• Try it:
Across all the entries below, count each line that holds "Image" and report the figure only.

• Data provided:
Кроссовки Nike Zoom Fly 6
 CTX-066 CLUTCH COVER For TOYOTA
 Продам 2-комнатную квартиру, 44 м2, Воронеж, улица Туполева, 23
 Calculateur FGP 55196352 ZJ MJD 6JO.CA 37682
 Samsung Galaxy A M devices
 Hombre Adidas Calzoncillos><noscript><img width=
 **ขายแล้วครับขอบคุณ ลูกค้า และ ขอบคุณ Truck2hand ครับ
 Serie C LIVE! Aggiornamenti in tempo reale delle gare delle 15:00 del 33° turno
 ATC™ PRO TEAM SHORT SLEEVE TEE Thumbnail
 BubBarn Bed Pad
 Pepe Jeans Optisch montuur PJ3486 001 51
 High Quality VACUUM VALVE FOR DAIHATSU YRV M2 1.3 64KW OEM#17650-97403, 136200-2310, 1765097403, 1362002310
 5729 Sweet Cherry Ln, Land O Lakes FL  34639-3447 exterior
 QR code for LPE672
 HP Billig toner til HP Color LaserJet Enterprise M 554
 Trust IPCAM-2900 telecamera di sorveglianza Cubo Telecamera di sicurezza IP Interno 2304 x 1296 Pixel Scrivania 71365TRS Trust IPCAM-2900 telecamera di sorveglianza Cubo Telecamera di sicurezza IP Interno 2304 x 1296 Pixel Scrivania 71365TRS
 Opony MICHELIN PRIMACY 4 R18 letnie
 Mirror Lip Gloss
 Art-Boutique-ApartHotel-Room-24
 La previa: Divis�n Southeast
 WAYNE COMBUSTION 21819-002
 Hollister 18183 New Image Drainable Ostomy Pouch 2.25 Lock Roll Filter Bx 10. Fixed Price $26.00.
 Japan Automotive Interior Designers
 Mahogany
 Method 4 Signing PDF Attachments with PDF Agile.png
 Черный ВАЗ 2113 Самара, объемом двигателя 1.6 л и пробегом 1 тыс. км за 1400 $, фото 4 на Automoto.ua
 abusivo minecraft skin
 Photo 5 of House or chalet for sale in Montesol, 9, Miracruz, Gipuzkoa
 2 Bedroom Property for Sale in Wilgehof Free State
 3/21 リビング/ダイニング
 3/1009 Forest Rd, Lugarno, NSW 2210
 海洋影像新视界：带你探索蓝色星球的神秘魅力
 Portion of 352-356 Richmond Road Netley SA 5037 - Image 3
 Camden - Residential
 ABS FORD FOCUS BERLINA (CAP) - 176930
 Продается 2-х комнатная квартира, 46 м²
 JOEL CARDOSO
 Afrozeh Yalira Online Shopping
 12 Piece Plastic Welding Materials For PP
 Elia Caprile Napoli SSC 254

• Response below:
2